Comparison of Gemma 4 vs. Qwen 3.5 benchmarks, consolidated from their respectiv...

kpw94 · 2026-04-02T17:05:17 1775149517

Wild differences in ELO compared to tfa's graph: https://storage.googleapis.com/gdm-deepmind-com-prod-public/...

(Comparing Q3.5-27B to G4 26B A4B and G4 31B specifically)

I'd assume Q3.5-35B-A3B would performe worse than the Q3.5 deep 27B model, but the cards you pasted above, somehow show that for ELO and TAU2 it's the other way around...

Very impressed by unsloth's team releasing the GGUF so quickly, if that's like the qwen 3.5, I'll wait a few more days in case they make a major update.

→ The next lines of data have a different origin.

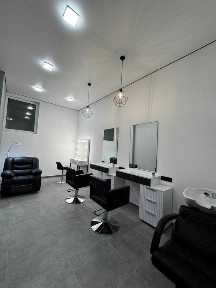 Київська область, Бровари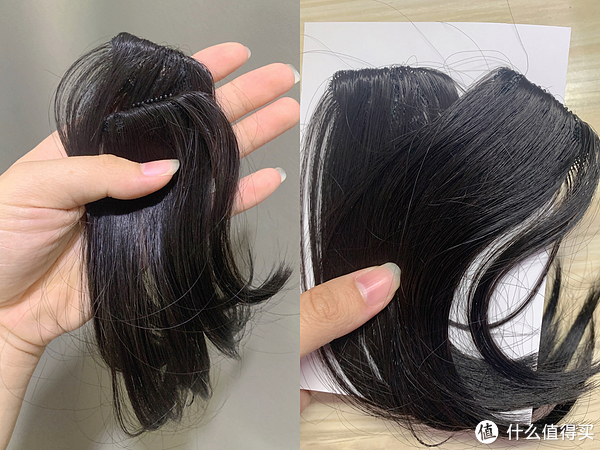 00后已经有脱发危机了吗 ️  “网红”生发液真的不是智商税吗？休闲区蓝鸢梦想 - Www.slyday.coM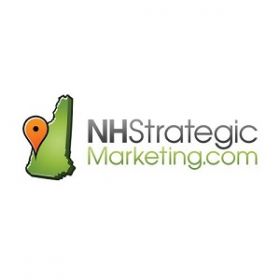 NH Strategic Marketing, LLC
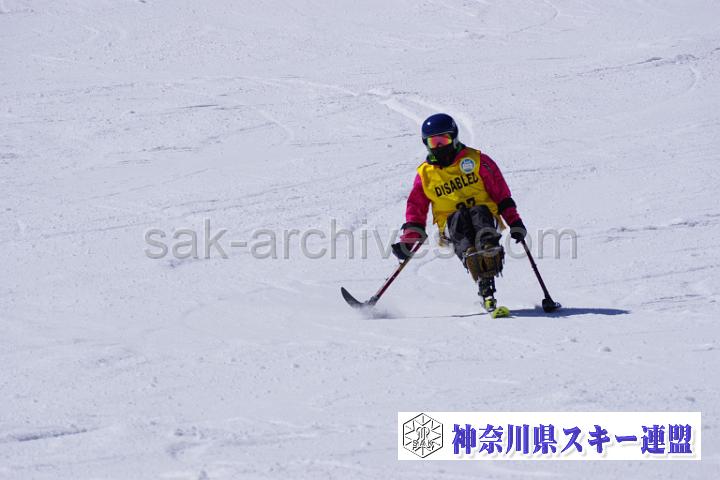 190324_094627_1.jpg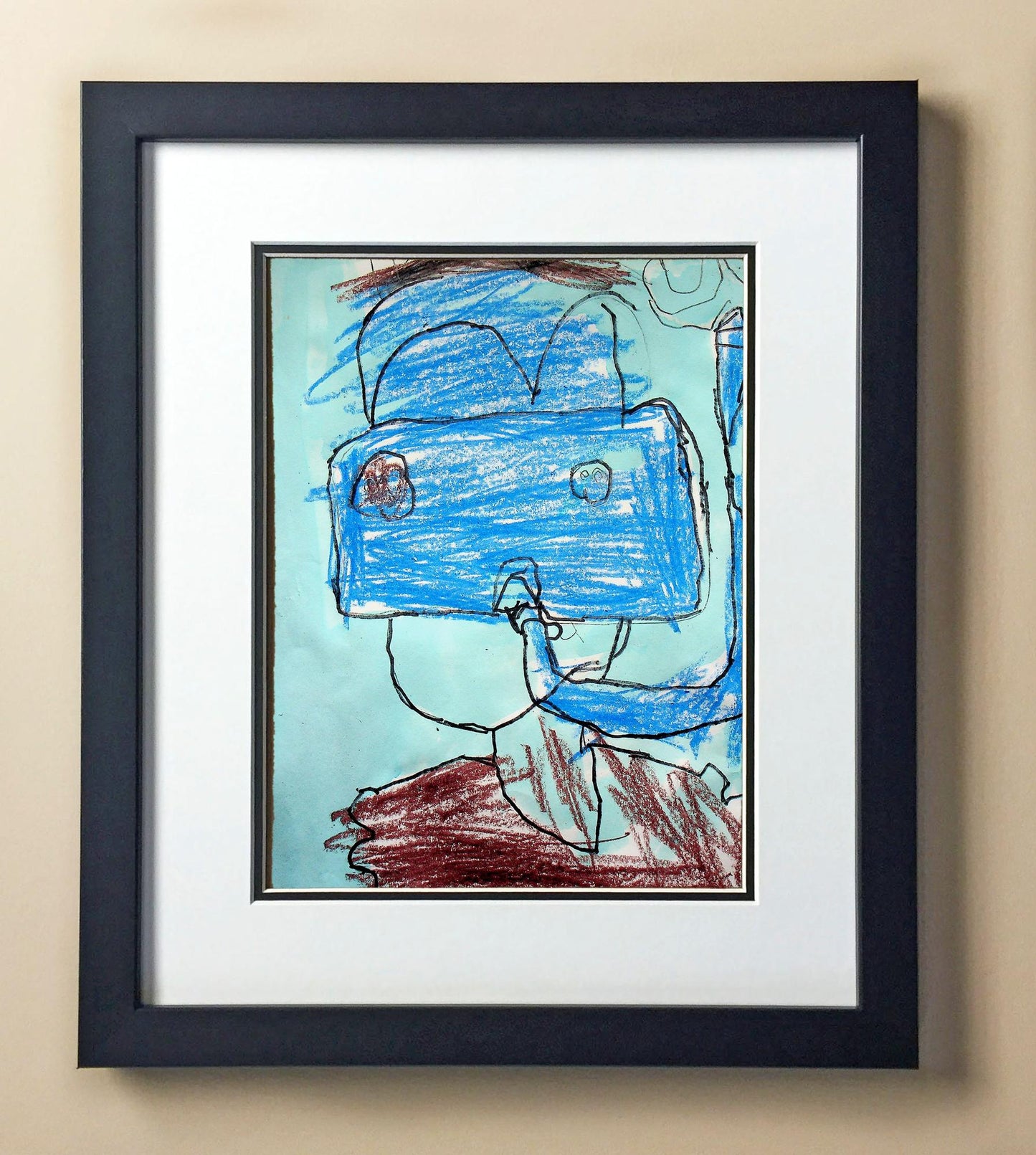 Jalen He. 2nd Grade Halstead 00356.jpg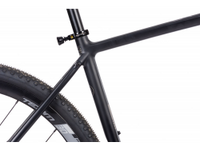 Orro Terra E Sram Apex Electric Gravel Bike 2023, Size Medium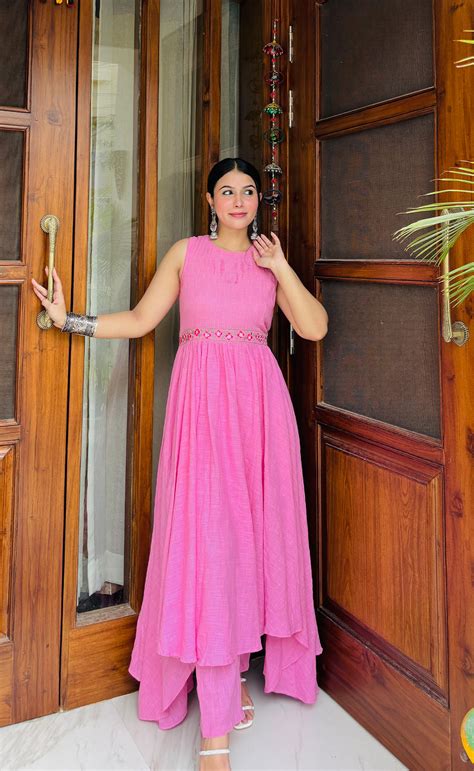 Buy Festive Suit Sets For Women At Best Prices| Handikart – Handikart ...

Overall great news if it's at parity or slightly better than Qwen 3.5 open weights, hope to see both of these evolve in the sub-32GB-RAM space. Disappointed in Mistral/Ministral being so far behind these US & Chinese models

culi · 2026-04-02T18:54:24 1775156064

You're conflating lmarena ELO scores.

Qwen actually has a higher ELO there. The top Pareto frontier open models are:

  model                        |elo  |price
  qwen3.5-397b-a17b            |1449 |$1.85
  glm-4.7                      |1443 | 1.41
  deepseek-v3.2-exp-thinking   |1425 | 0.38
  deepseek-v3.2                |1424 | 0.35
  mimo-v2-flash (non-thinking) |1393 | 0.24
  gemma-3-27b-it               |1365 | 0.14
  gemma-3-12b-it               |1341 | 0.11
  gpt-oss-20b                  |1318 | 0.09
  gemma-3n-e4b-it              |1318 | 0.03

https://arena.ai/leaderboard/text?viewBy=plot

What Gemma seems to have done is dominate the extreme cheap end of the market. Which IMO is probably the most important and overlooked segment

coder543 · 2026-04-02T20:30:28 1775161828

That Pareto plot doesn't seem include the Gemma 4 models anywhere (not just not at the frontier), likely because pricing wasn't available when the chart was generated. At least, I can't find the Gemma 4 models there. So, not particularly relevant until it is updated for the models released today.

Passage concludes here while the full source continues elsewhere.